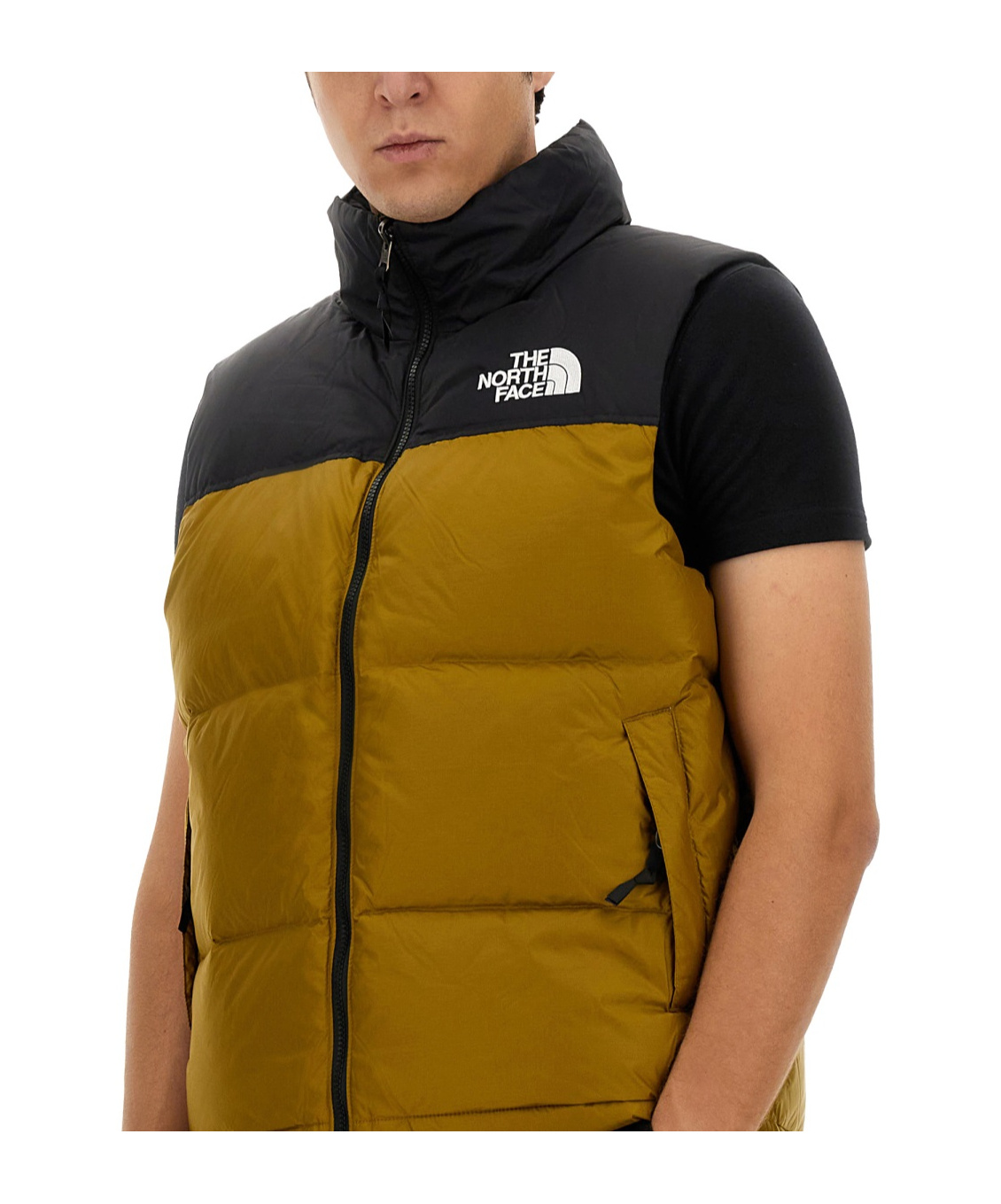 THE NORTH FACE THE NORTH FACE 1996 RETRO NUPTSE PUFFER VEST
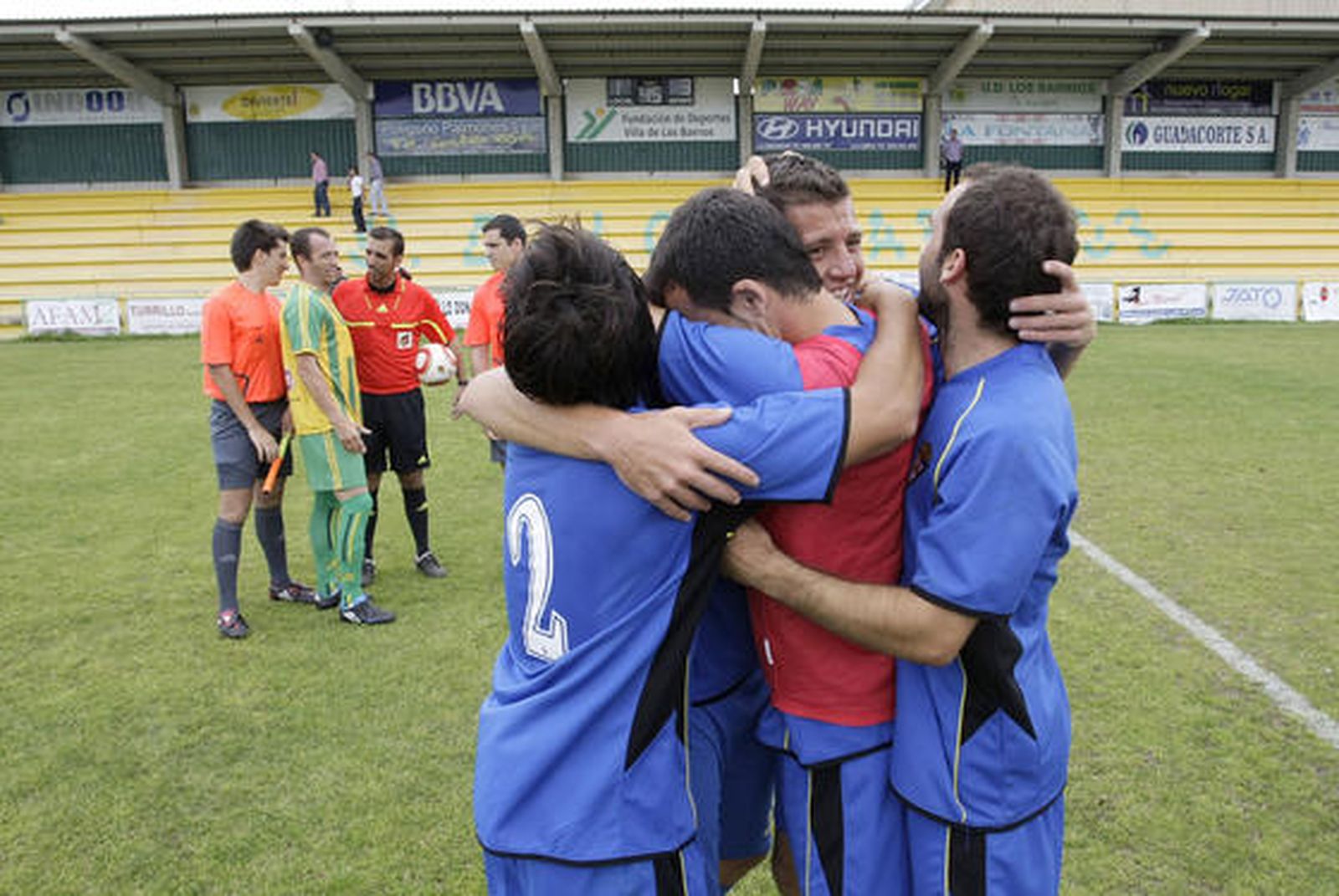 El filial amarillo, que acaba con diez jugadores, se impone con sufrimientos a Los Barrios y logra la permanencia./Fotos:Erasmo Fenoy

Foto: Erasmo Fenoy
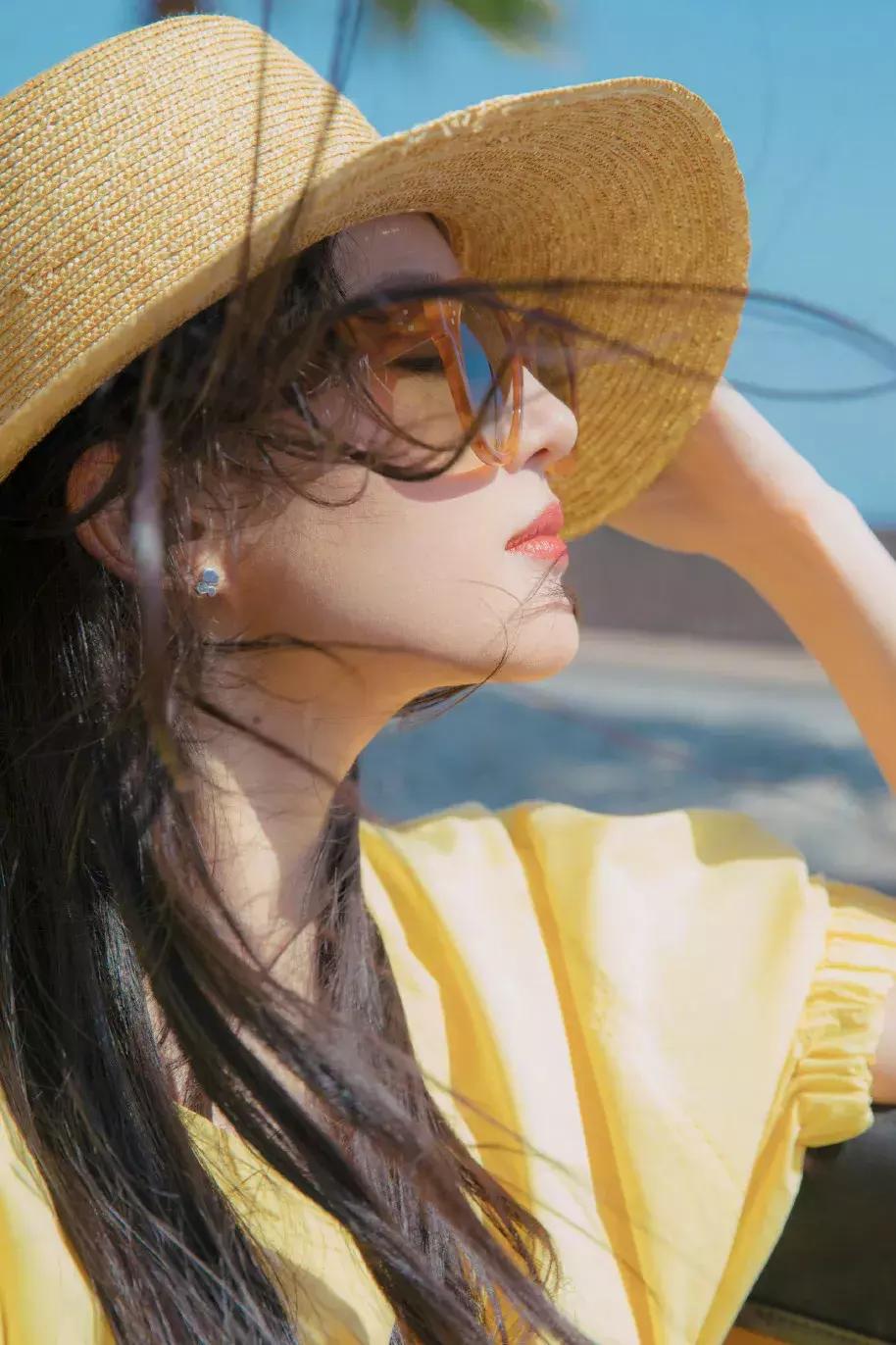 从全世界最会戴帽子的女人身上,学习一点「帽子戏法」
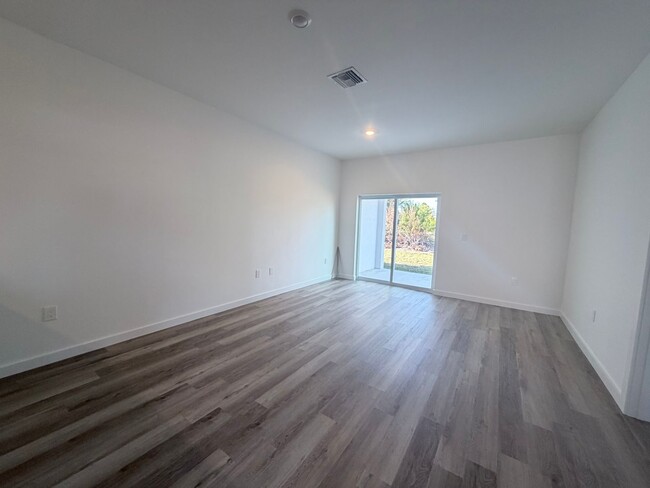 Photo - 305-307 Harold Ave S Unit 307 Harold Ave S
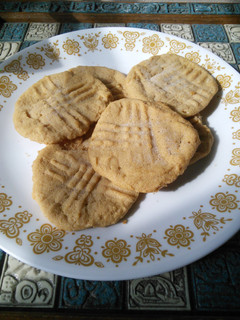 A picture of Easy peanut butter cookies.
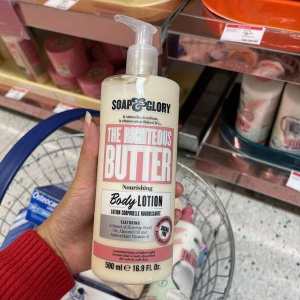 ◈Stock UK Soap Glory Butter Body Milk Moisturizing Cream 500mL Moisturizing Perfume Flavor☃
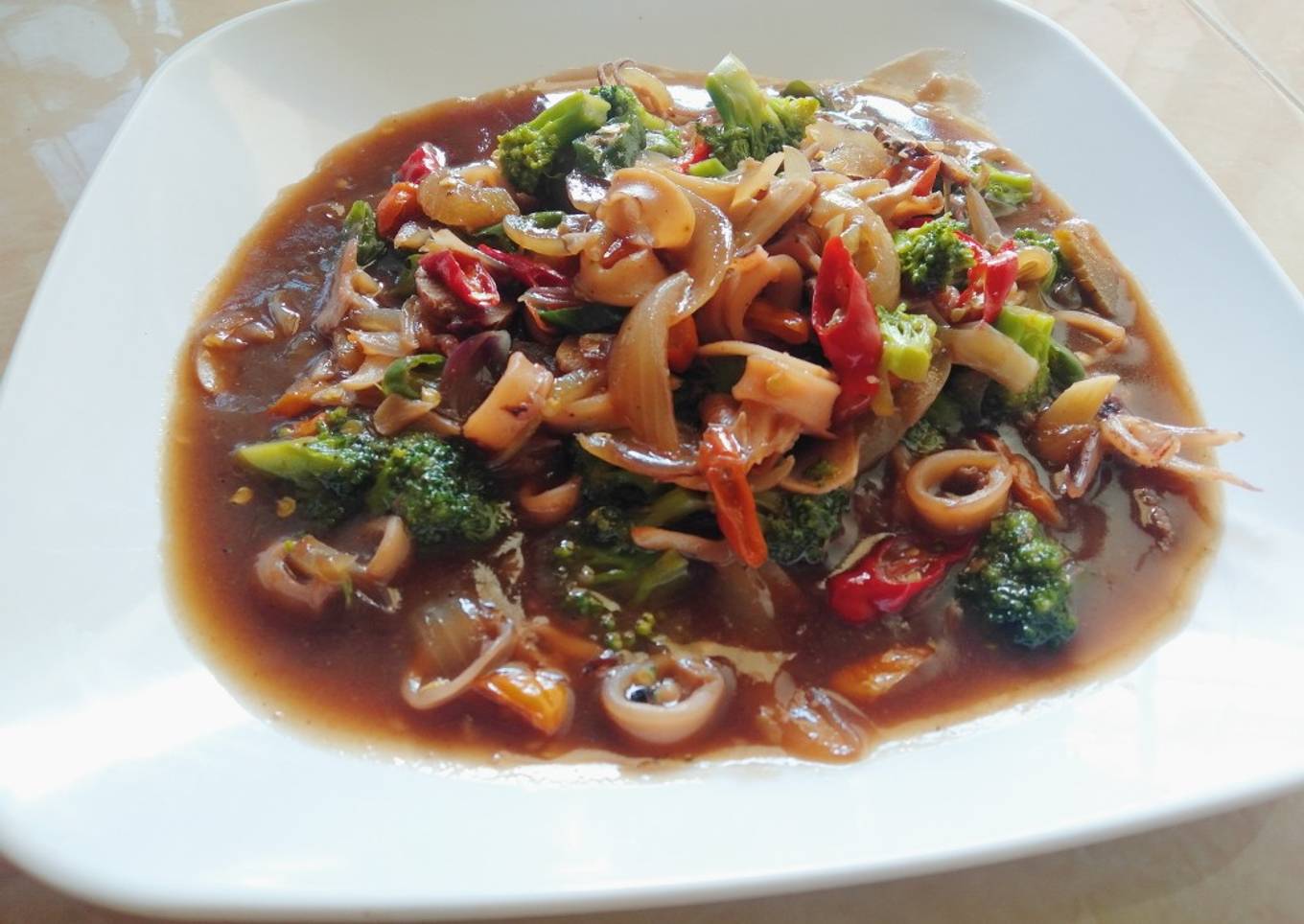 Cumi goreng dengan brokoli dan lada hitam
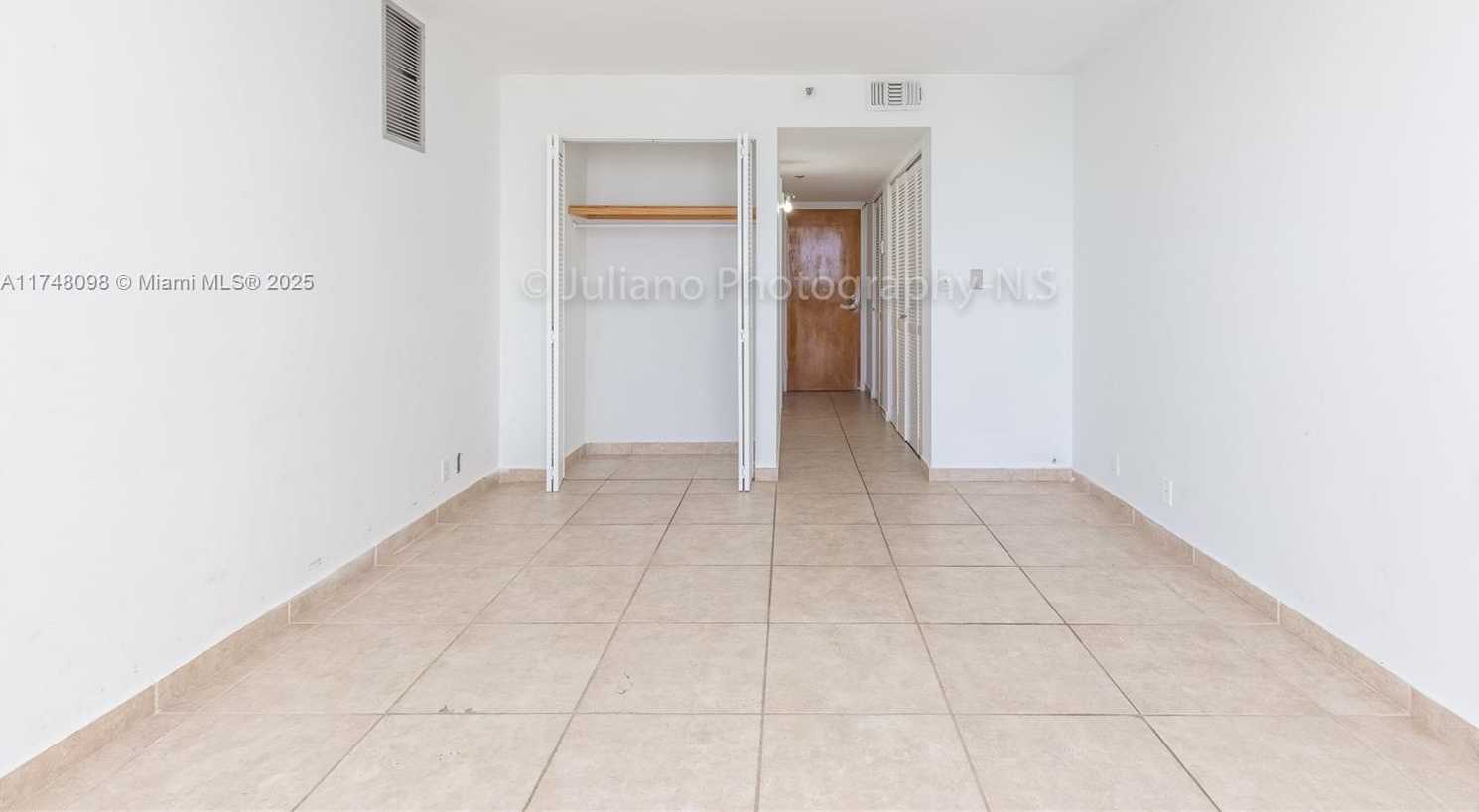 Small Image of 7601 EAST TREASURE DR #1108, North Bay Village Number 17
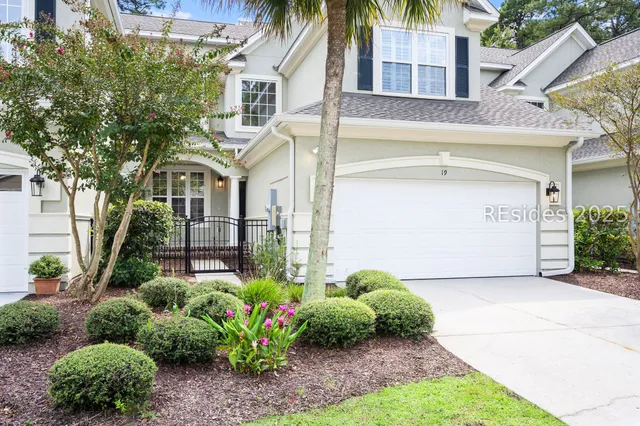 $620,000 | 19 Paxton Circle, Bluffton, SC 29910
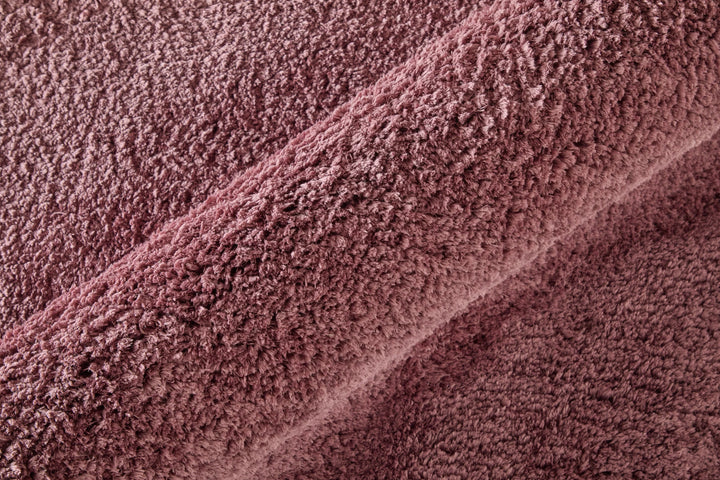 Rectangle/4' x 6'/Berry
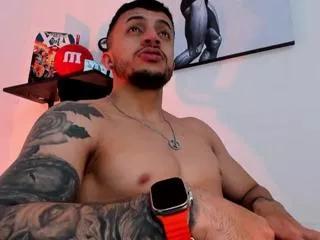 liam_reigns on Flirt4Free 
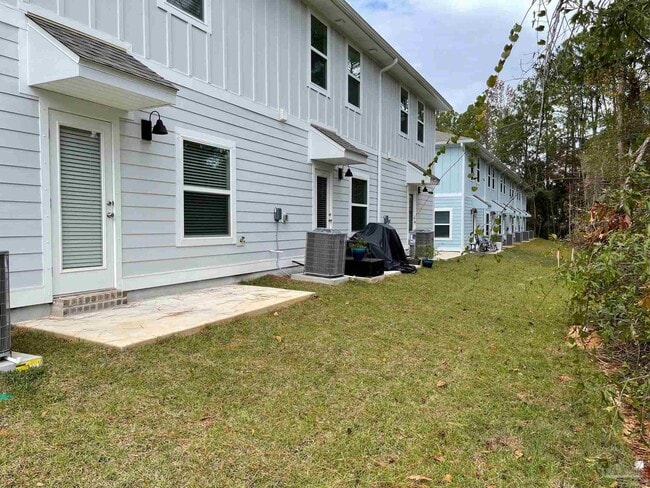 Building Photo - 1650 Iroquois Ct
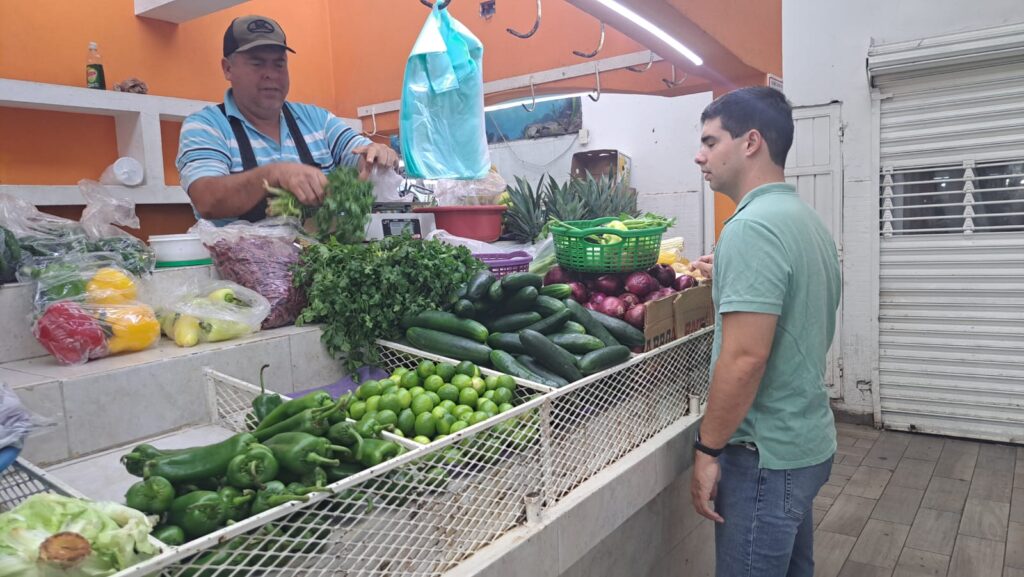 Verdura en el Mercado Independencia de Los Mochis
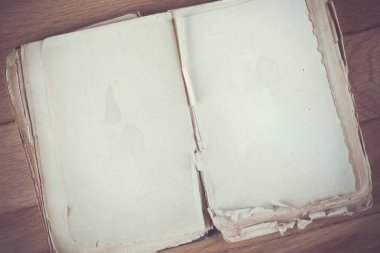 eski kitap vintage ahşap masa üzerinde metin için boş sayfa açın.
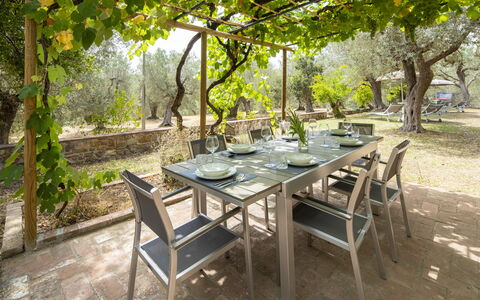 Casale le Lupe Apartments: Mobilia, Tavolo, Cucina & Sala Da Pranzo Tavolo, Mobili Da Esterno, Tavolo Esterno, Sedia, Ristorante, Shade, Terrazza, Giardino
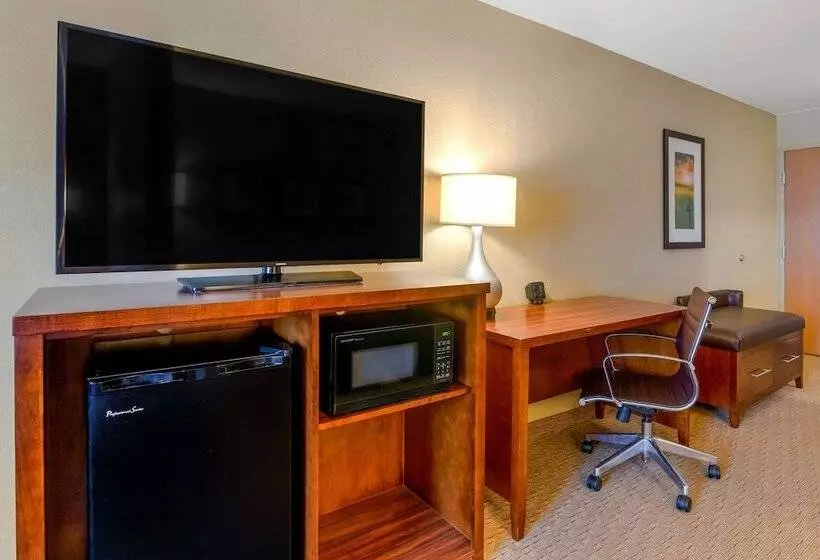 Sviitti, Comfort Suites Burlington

----------------

Work required>
Leaving the pictures aside, give back all the records exactly as they are.

Answer below>
 THE NORTH FACE THE NORTH FACE 1996 RETRO NUPTSE PUFFER VEST
 El filial amarillo, que acaba con diez jugadores, se impone con sufrimientos a Los Barrios y logra la permanencia./Fotos:Erasmo Fenoy

Foto: Erasmo Fenoy
 从全世界最会戴帽子的女人身上,学习一点「帽子戏法」
 Photo - 305-307 Harold Ave S Unit 307 Harold Ave S
 A picture of Easy peanut butter cookies.
 ◈Stock UK Soap Glory Butter Body Milk Moisturizing Cream 500mL Moisturizing Perfume Flavor☃
 Cumi goreng dengan brokoli dan lada hitam
 Small Image of 7601 EAST TREASURE DR #1108, North Bay Village Number 17
 $620,000 | 19 Paxton Circle, Bluffton, SC 29910
 Rectangle/4' x 6'/Berry
 liam_reigns on Flirt4Free 
 Building Photo - 1650 Iroquois Ct
 Verdura en el Mercado Independencia de Los Mochis
 eski kitap vintage ahşap masa üzerinde metin için boş sayfa açın.
 Casale le Lupe Apartments: Mobilia, Tavolo, Cucina & Sala Da Pranzo Tavolo, Mobili Da Esterno, Tavolo Esterno, Sedia, Ristorante, Shade, Terrazza, Giardino
 Sviitti, Comfort Suites Burlington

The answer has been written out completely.